WSL: How different are the surfboards for each of your other team riders, apart from the obvious weight and height changes.
Britt Merrick: All the ream rider's boards are very different. It's amazing how one great rocker or design will work for one surfer and not another. They all want something different, and that's part of the fun and part of the challenge to work out who needs what. Even if they like the same rocker, they'll like different rails, different tuck, different tail outline, and thickness. So that means they are on very different boards.
Do they often change the designs, or request something radically different?
Some surfers want the boards exactly the same every time. They draw confidence from that approach, and so we are just dialing in the smallest details so they know how the board will react.
Other surfers, however, will get to that place of it being super dialed in, and then they want to feel something different or draw different lines. So that's two different challenges that keep you on your toes.
Did the last year without competition change the way you shaped for the team?
It was an individual choice. Take Lakey Peterson for example; she took that time as a chance to work as if nothing had changed. She stayed the course, and maintained the same boards and kept refining them.

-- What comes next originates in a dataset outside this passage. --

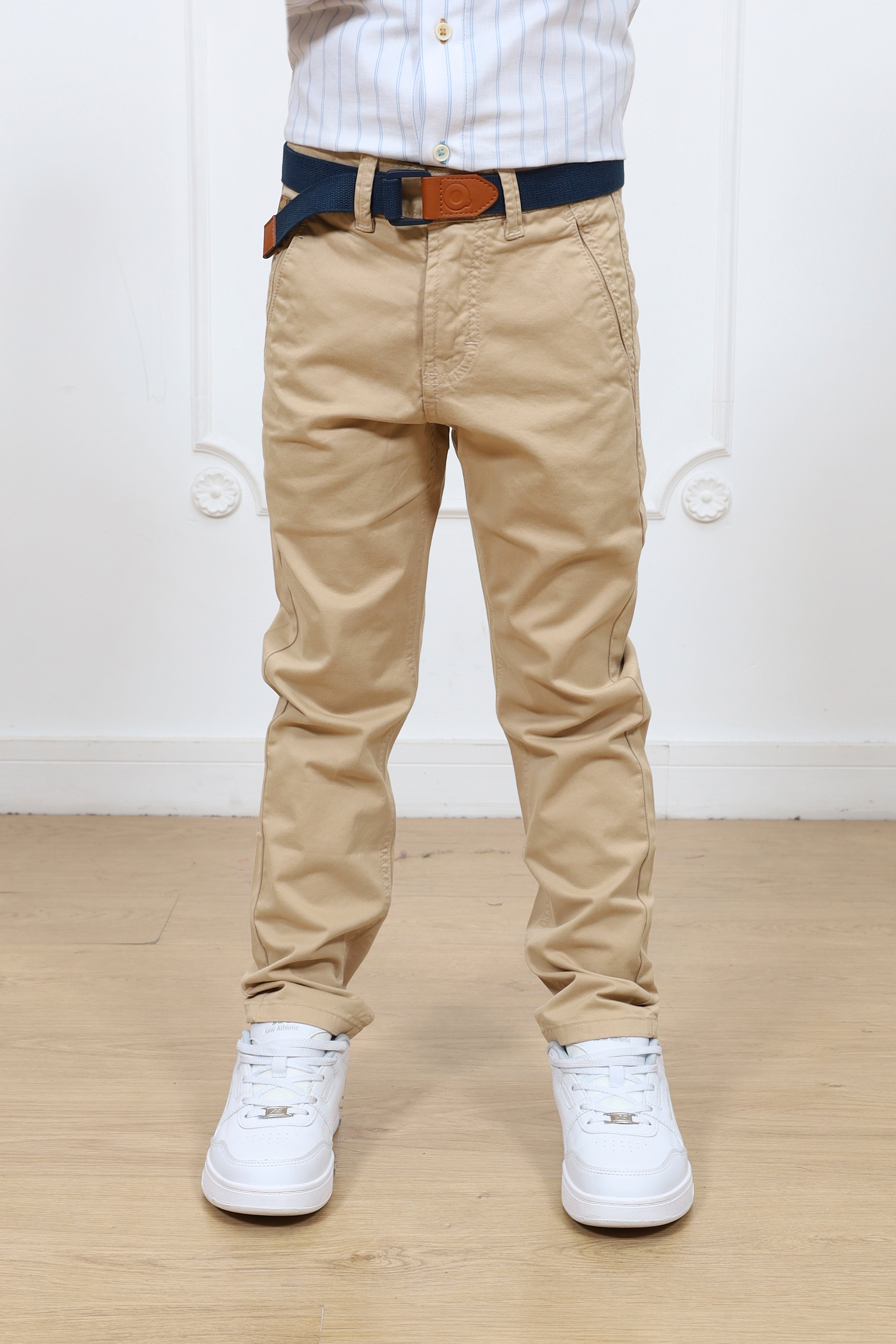Pantalon drill Danny Slim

Other surfers took a different tack. Sage took a more laid-back approach. She tried some of our more out-there models and had fun. That wasn't a case of being less serious or committed, but just what works for her and where her head space was. Then we ramped back up when the competitions were called on.
Speaking of the new events, did that change your approach to the quivers the surfers had for Australia?
There were definite changes made when Bells and Snapper were out, and we made adjustments as there are more beachbreaks involved. But the CT surfers ride such similar craft across most locations that those tweaks were subtle.
How much do the pros' boards designs feed into the boards you sell to average surfers?
There is a direct link between the pros boards and the stock boards, but I think a lot of that link comes from what the shapers learn when working with really good surfers.
So, I'll develop a really good rocker with a good surfer and then I'll have to detune it a little bit for production. The interaction with the team riders is the R & D phase. It's a bit like car companies with their racing teams; you push the technology and the designs trickle down to the production models.
Just how in-depth is that relationship with the surfers and their boards?
I surf Rincon every time there are waves and talk to normal surfers who are super dialed into design. They can talk on a granular and smart level about how their boards perform. However, with the professionals, the stakes are much higher. Part of my job is to educate those surfers on their equipment because their livelihood depends on it.
What is most exciting right now in your shaping? And where will it take you in 2021?
My greatest joy is working with team riders and great surfers. I love the challenge of how demanding their talent and mind space are. That keeps me really sharp. The challenge of identifying what designs each surfer needs and dialing it in is what I enjoy. And through that journey comes a relational component that I love. The one-to-one time in the shaping bay, the times together in the surf. It's how we can help each other reach our goals that gets me out of bed in the morning.